PASS THROUGH TRUSTEE
Wilmington Trust, National Association,
LIQUIDITY PROVIDERS
Goldman Sachs Bank USA
Credit Suisse AG, New York Branch
Citibank, N.A.
RATING AGENCIES
S & P Global Ratings
Moody’s Investors Service, Inc.
Exhibit 4.7
Execution Copy
Amendment No. 1
to
Trust Indenture and Mortgage
Amendment No. 1, dated as of February 1, 2021 (this “Amendment”), to Trust Indenture and Mortgage, dated as of October 28, 2020 (the “Trust Indenture”), between United Airlines, Inc. (“Owner”) and Wilmington Trust, National Association, not in its individual capacity, except as expressly stated therein, but solely as Mortgagee (“Mortgagee”).
W I T N E S S E T H:
WHEREAS, Owner and Mortgagee entered into the Trust Indenture and Trust Indenture and Mortgage Supplement No. 1, dated October 28, 2020, which were recorded as one instrument by the FAA on December 14, 2020, and were assigned Conveyance No.
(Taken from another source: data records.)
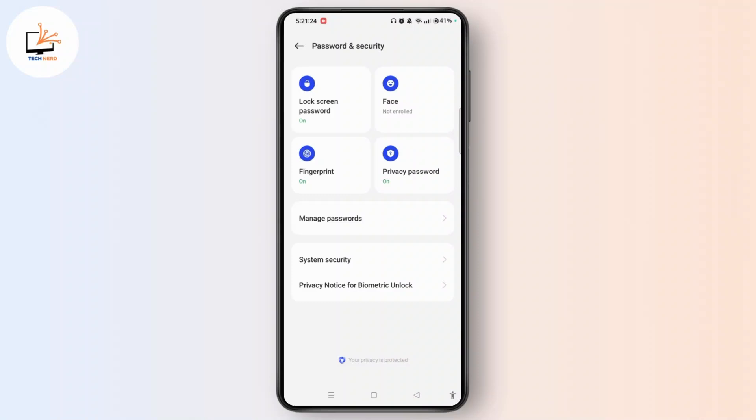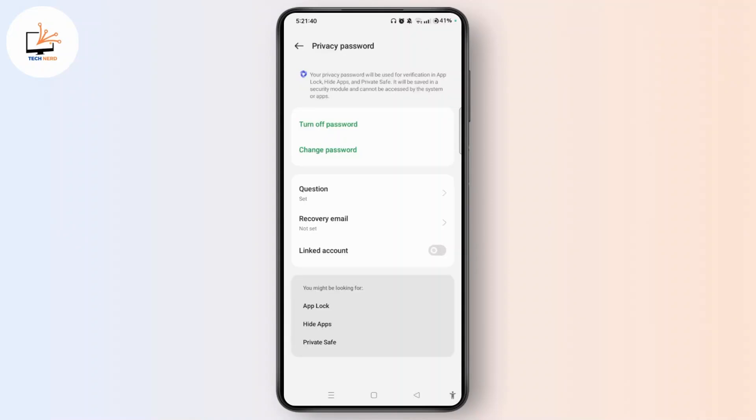To change hidden photos password, open it and enter the privacy password. Make sure that you know the current hidden photos password in order to change it to a new password.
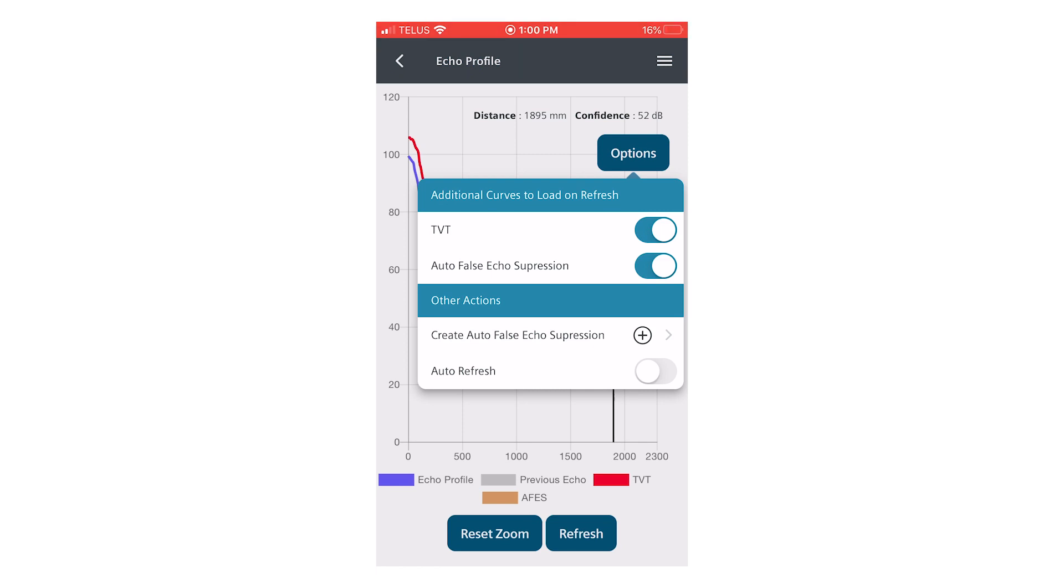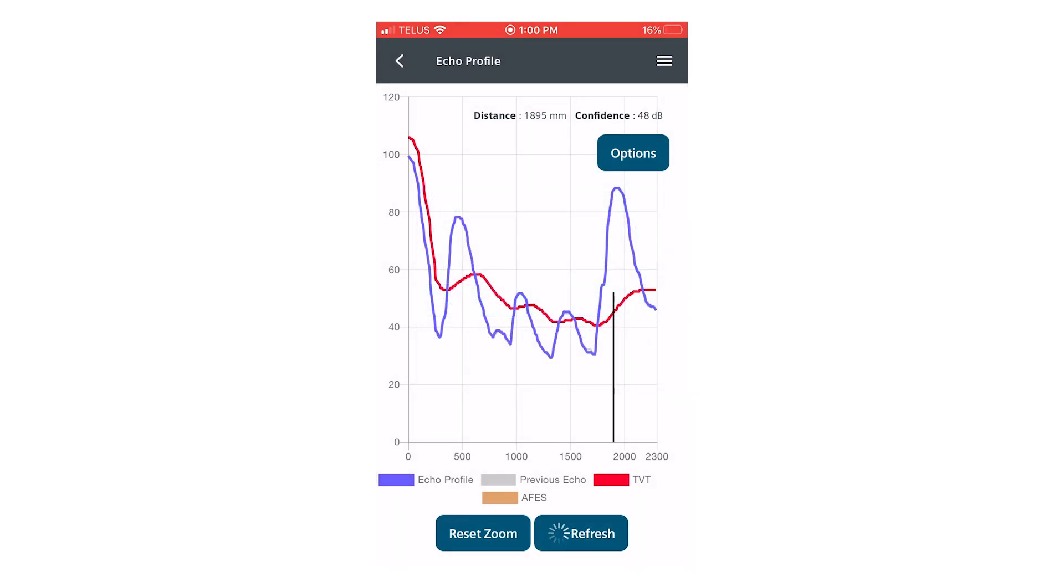This will immediately create an auto false echo suppression curve and that will be visible if we click the refresh button.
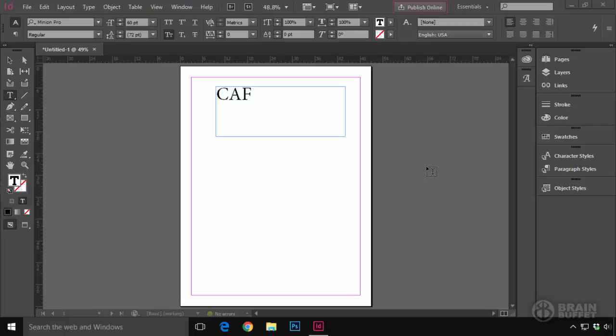All right, ladies and gentlemen, let me preface this tutorial by saying I don't use InDesign much. I don't know InDesign well. Okay, so there's the confession.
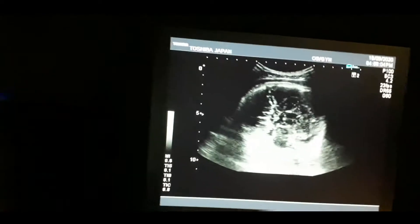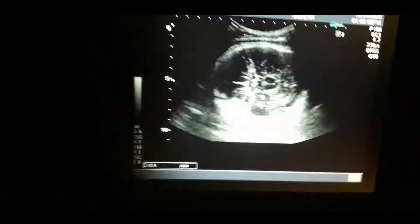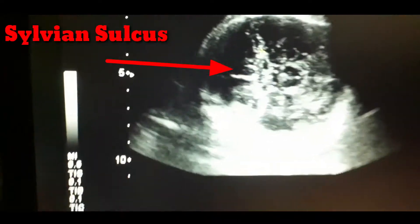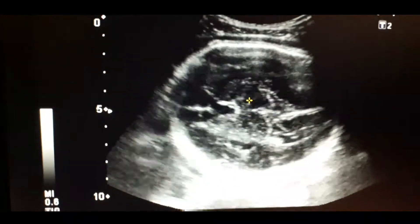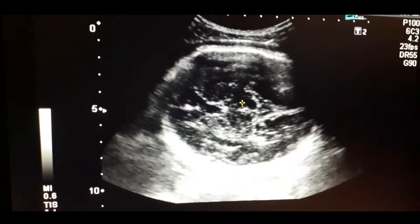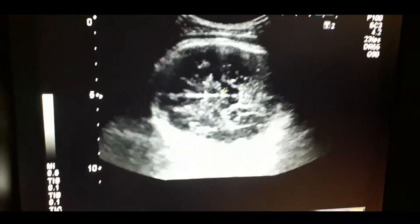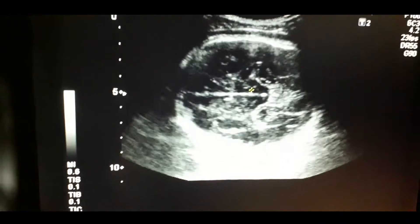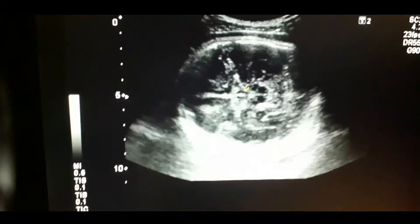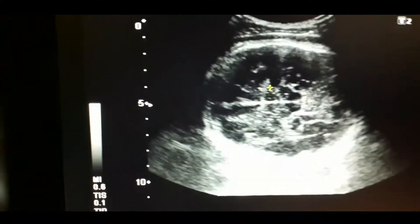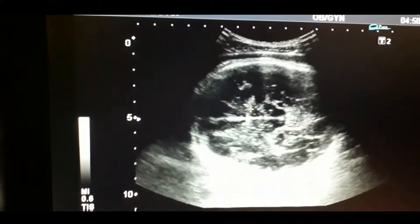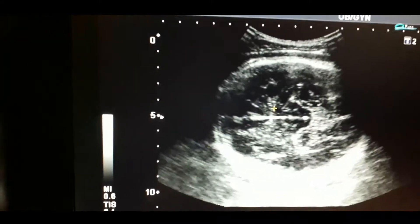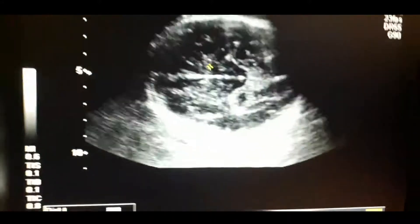Coming to the live case, first I will like to focus on the sylvian sulcus that is present at the base of the thalami. You will like to see the middle cerebral artery at this point — you can follow the direction of the cursor.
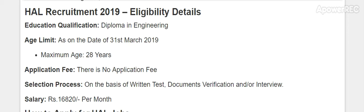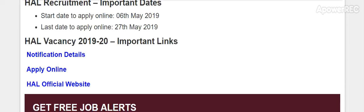The salary for this diploma technician post is 16,820 per month. The starting date to apply online is 6th May 2019 and the last day to apply is 27th May 2019.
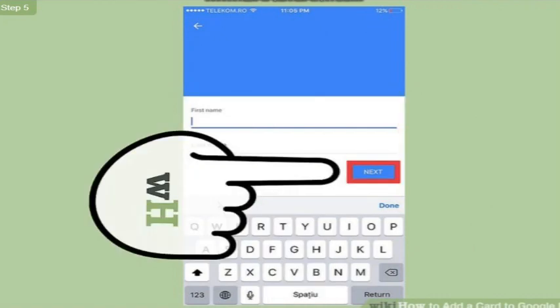Then we have to tap next and tap add credit or debit card at the bottom of the form when we are done. So that's how we can add Monzo to Google Pay.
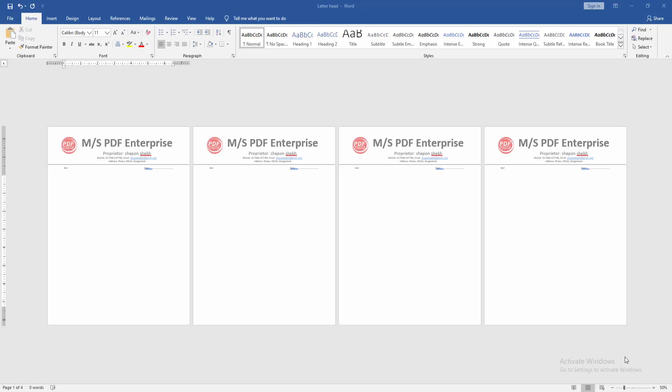In this video, I am going to show you how to remove the letterhead from the second page in Microsoft Word. Let's get started.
LC016144 and further supplemented by Trust Indenture and Mortgage Supplement No. 2 dated January 21, 2021, filed with the FAA Registry on January 21, 2021 and not yet recorded;
WHEREAS, Owner has elected to issue the Series B Equipment Notes as permitted by the Trust Indenture, and in connection with such issuance, Owner has requested certain amendments to the Trust Indenture pursuant to Section 10.01(b)(vii) of the Trust Indenture; and
WHEREAS, all things have been done to make the Series B Equipment Notes, when executed by the Owner and authenticated and delivered by the Mortgagee under the Trust Indenture, the valid, binding and enforceable obligations of the Owner.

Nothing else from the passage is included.